Five key links in the supply chain
Importing, exporting and maintaining the blind in trials are not the only challenges to supply chain management. There are other potential issues at multiple points where the chain can unravel:
• Internal staffing
• Storage and security
• Packaging requirements
• Distribution considerations
• Returns and destruction
Internal staffing: If a chain is only as strong as its weakest link, the weakest link in a clinical supply chain containing narcotics is undoubtedly people.
According to the DEA, millions of drug doses are diverted each year through theft from manufacturers, distributors, importers, exporters, and treatment facilities. While the amount varies by year, it continues to increase for Schedule II drugs such as OxyContin®. Much of the diversion of pharmaceuticals through theft is attributable to employees of pharmaceutical drug manufacturers, commercial distributors, clinical sites, hospitals, and pharmacies.3
The DEA holds organizations and facilities involved in the manufacture, handling, and distribution or dispensing of scheduled drugs responsible for conducting comprehensive screening of potential employees. The goal is, of course, thwarting theft by weeding out anyone who is or may be at risk of diverting drugs.
The agency recommends that employers thoroughly question potential employees about felony and misdemeanor convictions, current criminal charges, and past or present use of narcotics, amphetamines or barbiturates not prescribed by a doctor.
Human nature being what it is, however, it's unlikely that job seekers bent on drug diversion or abuse would answer such questions truthfully. Therefore, the DEA further recommends obtaining authorization from job applicants to obtain background checks, starting with local law enforcement agencies up to and including the DEA itself.2
Finally, organizations are obligated to maintain current lists of individuals with access to areas w/here these products are stored and standard operating procedures (SOPs) detailing how such authorization was granted.
Storage and security
When it comes to securing scheduled drugs, security doesn't begin and end with careful hiring practices. Facilities that house scheduled drugs are also required to engage a variety of security precautions to prevent diversion and theft. The Schedule to which a drug belongs determines the degree of security associated with it:
• C-II drugs must be stored in vaults or safes equipped with a 24-hour alarm system operating seven days a week that transmits a signal to a security firm, local or state law enforcement agency upon unauthorized entry
• Drugs in C-III, C-IV and C-V may be stored in bolted cages, typically located in a warehouse, that are similarly equipped with an alarm system
Physical barriers notwithstanding, facilities are required to limit employee access to areas in which drug storage vaults, safes and cages are located. Facilities are also required to document employee comings and goings in personnel access logs.
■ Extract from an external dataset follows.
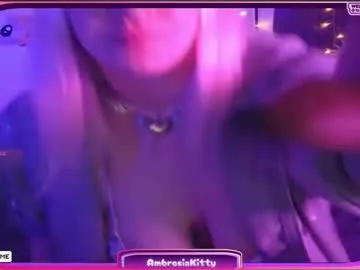 ambrosiakitty on Chaturbate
In addition, a minimum of two observers must be present for all handling activities. Records are subject to audit by the DEA, by whom unscheduled visits and inspections are common.
These requirements can be daunting for many facilities, since no one individual can assume total responsibility for the safekeeping of scheduled drugs. 2
Before that clinical investigator can obtain a controlled drug for use in a trial, however, the drug must be packaged in a manner that prevents tampering and theft. A packaging facility must demonstrate to the satisfaction of the DEA that it has approved procedures in place to securely package and store products.
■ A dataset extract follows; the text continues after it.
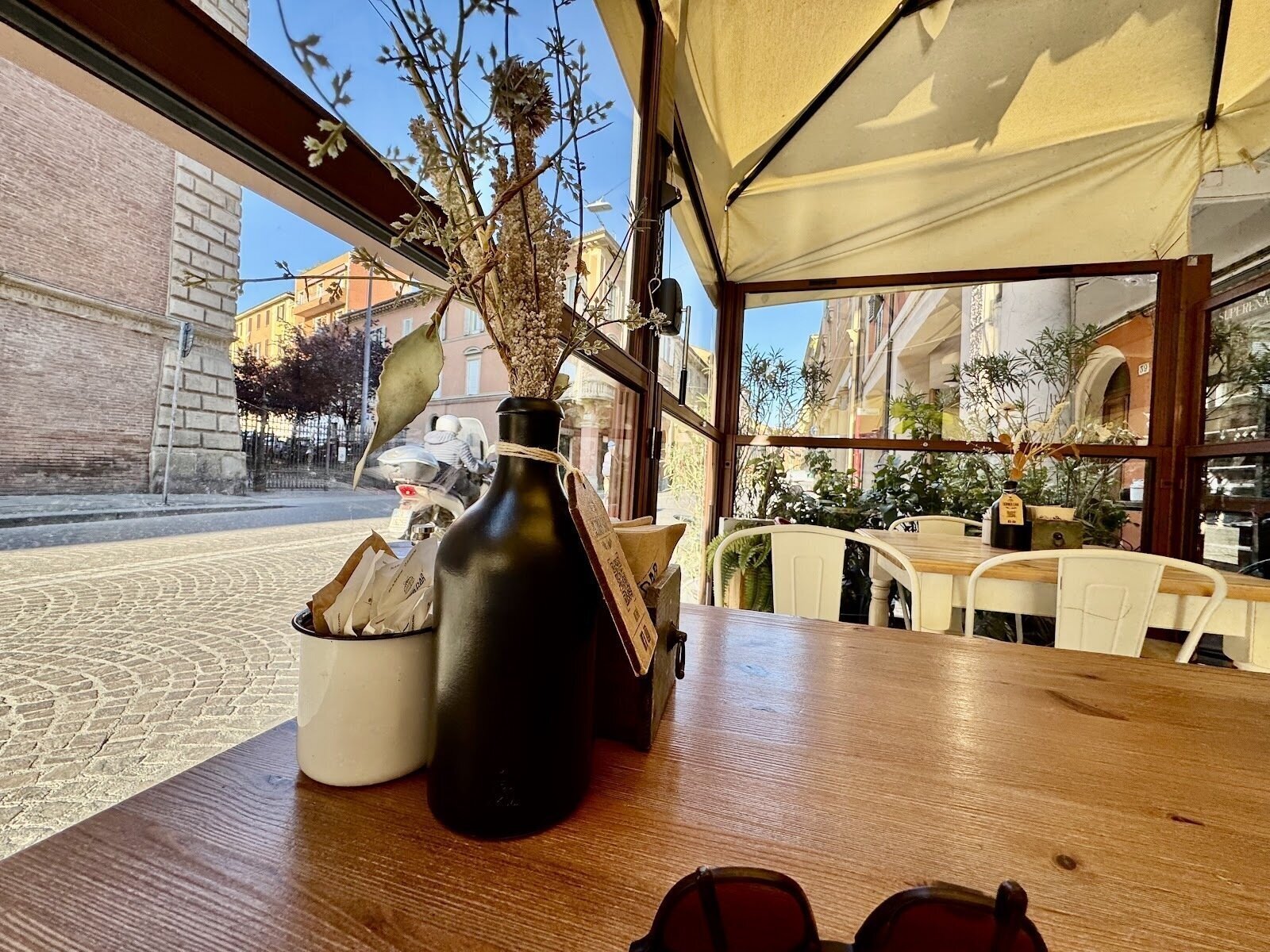 Corner Bar: A Work-Friendly Place in Bologna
Among the DEA's mandates is the presence of multiple individuals at all times during packaging. Packaging for scheduled drugs must include tamper-proof seals and/or tape bearing documentation.
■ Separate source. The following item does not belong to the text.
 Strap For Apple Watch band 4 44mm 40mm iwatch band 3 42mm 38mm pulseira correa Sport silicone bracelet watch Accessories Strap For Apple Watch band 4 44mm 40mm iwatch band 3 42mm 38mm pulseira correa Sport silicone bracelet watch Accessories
Handling and accountability standards in packaging facilities for scheduled drugs are similarly mandated and unforgiving-between 99.5 and 100.5% of bulk materials must be accounted for, as must 100% of prefilled material. In short, nothing, not a single drug unit, can go missing. Deviations must be reported to the DEA, prompting coordinated agency investigations. 2
Once scheduled drugs are packaged, they are readied for distribution, a process that is also closely scrutinized. Under federal law, a distributor is responsible for ensuring that scheduled drugs are shipped only to individuals and sites that bear valid licenses to receive these materials.
The DEA maintains a central database of licensees. Before shipping materials, Fisher Clinical Services links to the DEA database to confirm the licensure of scheduled drug destinations, among them clinical sites. Clinical sites are required to obtain dispensing licenses permitting them to accept and store specific scheduled drugs.
Shipments can only be sent to and accepted at the address specified on the license. As an added precaution, packages should not bear markings or documentation identifying their content as controlled drugs. 2
With these considerations in mind, some sponsors prefer to use approved carriers that offer special services for handling controlled substances. One such carrier is Fisher Priority Solutions.
Returns and destruction
When a clinical trial ends, unused supplies of all C-II, C-III, C-IV and C-V drugs must be returned to Fisher Clinical Services for reconciliation. The reconciliation process requires that there be an accounting for every tablet of scheduled drugs or a DEA investigation will ensue.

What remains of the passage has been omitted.